Having received Absolution, the congregation moves from the time of preparation to that part of the Divine Service known as “the service of the Word.” We typically begin the service of the Word with an introit or Psalm.
The word “introit” means “entrance” or “beginning.” As Christians moved from a persecuted minority to the official majority, they also moved from having worship in someone’s home to larger basilicas. This provided the opportunity to adorn the service with liturgical details that would not have been possible in a cramped home church.
Luther Reed writes, “In the early fifth century, Pope Celestine I (died 432) decreed that an entire Psalm should be sung antiphonally (back and forth) by a double choir as the clergy came from the sacristy (at the back of the church) to the altar. This was intended to add solemnity to the entrance of the clergy and to establish the thought or mood appropriate for the particular service.” Essentially, the introit was travel music as the clergy moved from one place to another.

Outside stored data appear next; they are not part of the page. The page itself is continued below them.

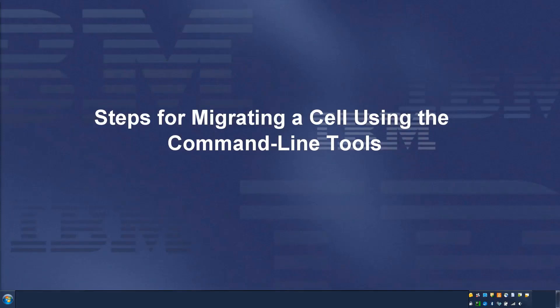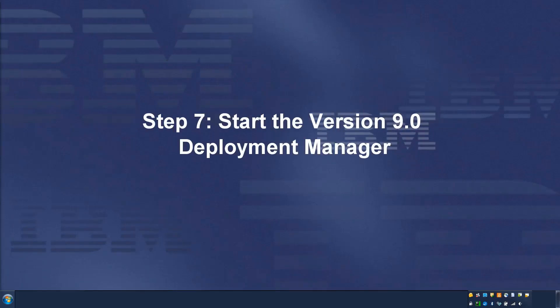Steps for migrating a cell using the command line tools, Step 7: Start the version 9.0 deployment manager.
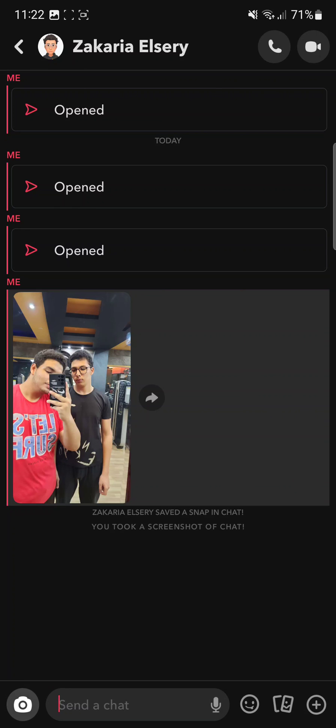Now on the other side, it's going to tell your friend that you started screen recording the chat.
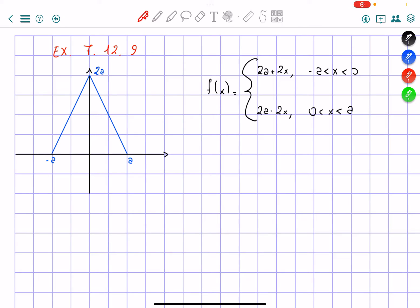Hello everybody. I'm going to solve problem 9 from chapter 7, section 12. So we have this Fourier series — well, we have to create it from this function.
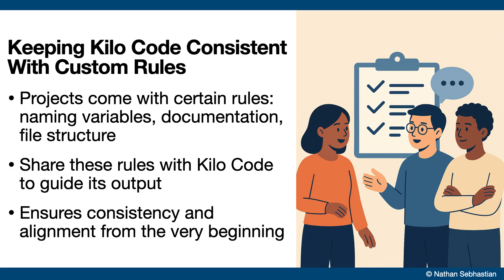Whenever you work on a project, your code base usually comes with a set of rules. Things like how components should be named, how functions are documented, or how files are structured. When you're using KiloCode as your coding assistant, it's important to share those rules with it so the code it generates follows the same standards your team already uses. This way, everything will stay consistent from the very beginning.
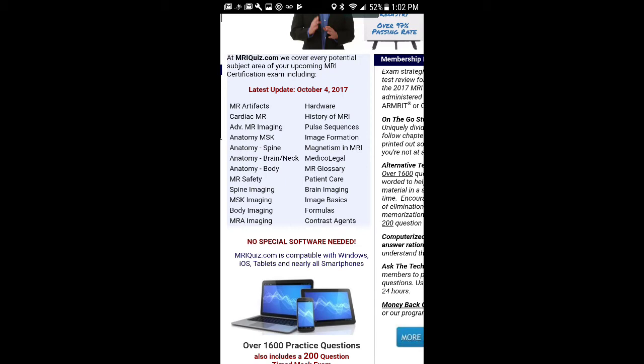And it's a great website. It even has a mock test that has 200 questions. And it's really similar to the registry test I took for the ART. And they're guaranteeing you that you're going to pass if you pass their mock exam with 90 and above.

Today the use of the introit is a little different. As stated above, it comes after the absolution to begin the service of the Word rather than beginning the entire worship service as it did in Pope Celestine’s time. The introit is part of the propers of the day. That means it changes from Sunday to Sunday. The introit is typically not a whole psalm but a part of a psalm that contains the insertion of a repeated verse called an “antiphon.” The antiphon will help set the theme for the day. The antiphon begins and ends the introit.
An introit, Psalm or hymn is appropriate after the absolution. Having been forgiven, it’s natural to sing to the Lord as we come into His presence with thanksgiving. The pastor may show this in a visual way by literally “entering” into the chancel during this part of the Liturgy. Prior to this point of the service, he may have been outside of the communion rails as a part of the congregation. Now, he may enter into the chancel which is the Christian version of the Holy of Holies. A Psalm or introit is often used because the book of Psalms has been the prayer and hymn book of the church since Old Testament times, and it is a way in which the saints of all ages are joined together in worshipping the one true God. The Gloria Patri, or Glory be to the Father, ends the introit or Psalm to proclaim beyond a shadow of a doubt to anyone present that we are addressing the Triune God in His own words that may be chanted to show how special they are.